## [SUPPLIED DATA]
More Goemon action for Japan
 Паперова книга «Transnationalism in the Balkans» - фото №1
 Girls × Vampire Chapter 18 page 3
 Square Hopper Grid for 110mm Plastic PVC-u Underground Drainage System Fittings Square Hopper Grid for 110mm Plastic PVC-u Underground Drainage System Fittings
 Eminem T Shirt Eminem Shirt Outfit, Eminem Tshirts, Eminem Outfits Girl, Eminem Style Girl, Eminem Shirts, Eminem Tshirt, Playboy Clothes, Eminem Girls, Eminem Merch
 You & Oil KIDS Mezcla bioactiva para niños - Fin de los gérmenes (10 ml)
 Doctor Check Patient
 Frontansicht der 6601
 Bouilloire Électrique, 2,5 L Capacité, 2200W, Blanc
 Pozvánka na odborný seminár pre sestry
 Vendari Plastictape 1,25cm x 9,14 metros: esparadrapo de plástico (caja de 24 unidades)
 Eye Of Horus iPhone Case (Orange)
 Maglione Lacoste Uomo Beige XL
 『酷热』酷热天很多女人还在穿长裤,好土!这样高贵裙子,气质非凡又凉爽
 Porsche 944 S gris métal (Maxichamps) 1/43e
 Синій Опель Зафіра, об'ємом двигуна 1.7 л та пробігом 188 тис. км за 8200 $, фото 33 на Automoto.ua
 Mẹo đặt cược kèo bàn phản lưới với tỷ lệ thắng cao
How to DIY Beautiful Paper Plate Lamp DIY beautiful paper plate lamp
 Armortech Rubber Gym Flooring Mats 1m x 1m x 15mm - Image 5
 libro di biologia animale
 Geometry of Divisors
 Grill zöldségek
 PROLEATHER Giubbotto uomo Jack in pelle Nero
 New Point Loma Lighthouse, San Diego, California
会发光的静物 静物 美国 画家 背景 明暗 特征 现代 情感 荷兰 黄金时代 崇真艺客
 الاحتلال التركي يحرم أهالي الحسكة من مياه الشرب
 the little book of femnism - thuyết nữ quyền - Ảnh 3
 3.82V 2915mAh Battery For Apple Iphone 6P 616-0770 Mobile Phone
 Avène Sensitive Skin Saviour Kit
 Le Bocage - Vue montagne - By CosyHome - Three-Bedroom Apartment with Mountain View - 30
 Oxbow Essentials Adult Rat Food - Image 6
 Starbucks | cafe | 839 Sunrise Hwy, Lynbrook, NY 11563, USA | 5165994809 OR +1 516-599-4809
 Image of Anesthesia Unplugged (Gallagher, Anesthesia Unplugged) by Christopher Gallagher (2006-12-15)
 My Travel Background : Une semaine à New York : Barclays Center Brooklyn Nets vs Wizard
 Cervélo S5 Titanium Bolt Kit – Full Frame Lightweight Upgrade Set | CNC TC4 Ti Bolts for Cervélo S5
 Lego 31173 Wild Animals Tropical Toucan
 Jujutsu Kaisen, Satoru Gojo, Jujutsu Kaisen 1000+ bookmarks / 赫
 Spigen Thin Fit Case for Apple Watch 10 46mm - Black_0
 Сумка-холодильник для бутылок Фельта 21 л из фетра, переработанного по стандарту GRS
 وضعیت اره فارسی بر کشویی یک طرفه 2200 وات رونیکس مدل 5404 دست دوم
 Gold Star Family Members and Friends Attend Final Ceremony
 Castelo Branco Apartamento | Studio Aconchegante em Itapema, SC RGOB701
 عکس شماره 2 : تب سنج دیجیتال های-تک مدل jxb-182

## [TASK REQUIREMENTS]
Taking the entries above, print exactly the lines starting at the line with "Eminem T Shirt" and ending at the line with "Spigen Thin Fit", both included.

## [RESULT OF THIS TASK]
 Eminem T Shirt Eminem Shirt Outfit, Eminem Tshirts, Eminem Outfits Girl, Eminem Style Girl, Eminem Shirts, Eminem Tshirt, Playboy Clothes, Eminem Girls, Eminem Merch
 You & Oil KIDS Mezcla bioactiva para niños - Fin de los gérmenes (10 ml)
 Doctor Check Patient
 Frontansicht der 6601
 Bouilloire Électrique, 2,5 L Capacité, 2200W, Blanc
 Pozvánka na odborný seminár pre sestry
 Vendari Plastictape 1,25cm x 9,14 metros: esparadrapo de plástico (caja de 24 unidades)
 Eye Of Horus iPhone Case (Orange)
 Maglione Lacoste Uomo Beige XL
 『酷热』酷热天很多女人还在穿长裤,好土!这样高贵裙子,气质非凡又凉爽
 Porsche 944 S gris métal (Maxichamps) 1/43e
 Синій Опель Зафіра, об'ємом двигуна 1.7 л та пробігом 188 тис. км за 8200 $, фото 33 на Automoto.ua
 Mẹo đặt cược kèo bàn phản lưới với tỷ lệ thắng cao
How to DIY Beautiful Paper Plate Lamp DIY beautiful paper plate lamp
 Armortech Rubber Gym Flooring Mats 1m x 1m x 15mm - Image 5
 libro di biologia animale
 Geometry of Divisors
 Grill zöldségek
 PROLEATHER Giubbotto uomo Jack in pelle Nero
 New Point Loma Lighthouse, San Diego, California
会发光的静物 静物 美国 画家 背景 明暗 特征 现代 情感 荷兰 黄金时代 崇真艺客
 الاحتلال التركي يحرم أهالي الحسكة من مياه الشرب
 the little book of femnism - thuyết nữ quyền - Ảnh 3
 3.82V 2915mAh Battery For Apple Iphone 6P 616-0770 Mobile Phone
 Avène Sensitive Skin Saviour Kit
 Le Bocage - Vue montagne - By CosyHome - Three-Bedroom Apartment with Mountain View - 30
 Oxbow Essentials Adult Rat Food - Image 6
 Starbucks | cafe | 839 Sunrise Hwy, Lynbrook, NY 11563, USA | 5165994809 OR +1 516-599-4809
 Image of Anesthesia Unplugged (Gallagher, Anesthesia Unplugged) by Christopher Gallagher (2006-12-15)
 My Travel Background : Une semaine à New York : Barclays Center Brooklyn Nets vs Wizard
 Cervélo S5 Titanium Bolt Kit – Full Frame Lightweight Upgrade Set | CNC TC4 Ti Bolts for Cervélo S5
 Lego 31173 Wild Animals Tropical Toucan
 Jujutsu Kaisen, Satoru Gojo, Jujutsu Kaisen 1000+ bookmarks / 赫
 Spigen Thin Fit Case for Apple Watch 10 46mm - Black_0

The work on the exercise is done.